Music Generation with Magenta: Using Machine Learning in Arts

2019/15/10

This is the text transcript of the presentation Music Generation with Magenta: Using Machine Learning in Arts, made at Devoxx Belgium 2019.

Outline

Generative Music
Live code: Generate a track
Training
Interaction with the outside world
Closing
- Dreambank - Can a machine dream?
- Hands-on Music Generation with Magenta

Generative Music

“Generative art is an artwork partially or completely created by an autonomous system.” This definition is good, but not really fun. Let’s other ways of seeing generative music.

Make music without being a musician

Maybe you don’t know how to improvise, maybe you need help to compose. Either way, a generative algorithm can help you do it.

By interacting with a machine, you can find new ideas, discover new sounds, or do even things you cannot by yourself. The machine becomes an extension of our creativity.

“Why you should build silly things” - Monica Dinculescu

It is okay to make art without taking ourselves seriously. Generative music is a good way of doing that, because those kind of systems can be interacted with easily.

Monica Dinculescu - Why you should build silly things

Helping people build generative systems

To make generative art, you need autonomous systems that makes it possible. As software developers, this is our role to provide that, whether it is for an art exhibit, a generative radio, or a fun website.

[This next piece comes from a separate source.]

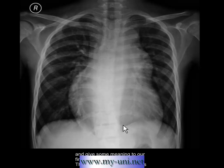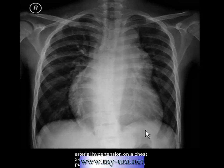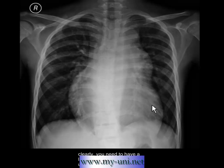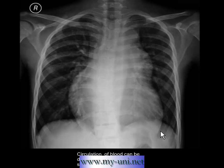This X-ray shows all the features of pulmonary arterial hypertension. There are only two radiological features needed to diagnose PAH on a chest X-ray: first, dilated central pulmonary arteries that quickly taper as they go into the lung parenchyma; and second, right ventricular hypertrophy, which can also enlarge the right atrium. Right ventricular hypertrophy is best seen on a lateral view as enlargement of the anterior superior cardiac margin.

“The weird and the strange is good” - Brian Eno

Generative systems makes tons of mistakes (also humans), but mistakes are good. They form the basic mechanism with which we learn and are important in the creation process.

Representation: MIDI

MIDI is a musical representation analogous to sheet music, where note has a pitch, velocity, and time.

Working with MIDI shows the underlying structure of the music, but doesn’t define the actual sound, you’ll need to use instruments (numeric or analogic).

MIDI diagram

Representation: audio

Working with audio is harder because you have to handle 16000 samples per seconds (at least) and keep track of the general structure. Generating audio is more direct than MIDI.

It is more direct because you don’t need the extra step of using instruments to play the score.

Audio diagram

Machine Learning

Hand crafting the rules of a painting or the rules of a music style might be a hard task. That’s why Machine Learning is so interesting in arts: it can learn complex functions.

Music generation with RNNs (MIDI)

Inline - RNN diagram

Recurrent Neural Networks (RNNs) solves two important properties for music generation: they operate on sequences for the inputs and outputs and they can remember past events.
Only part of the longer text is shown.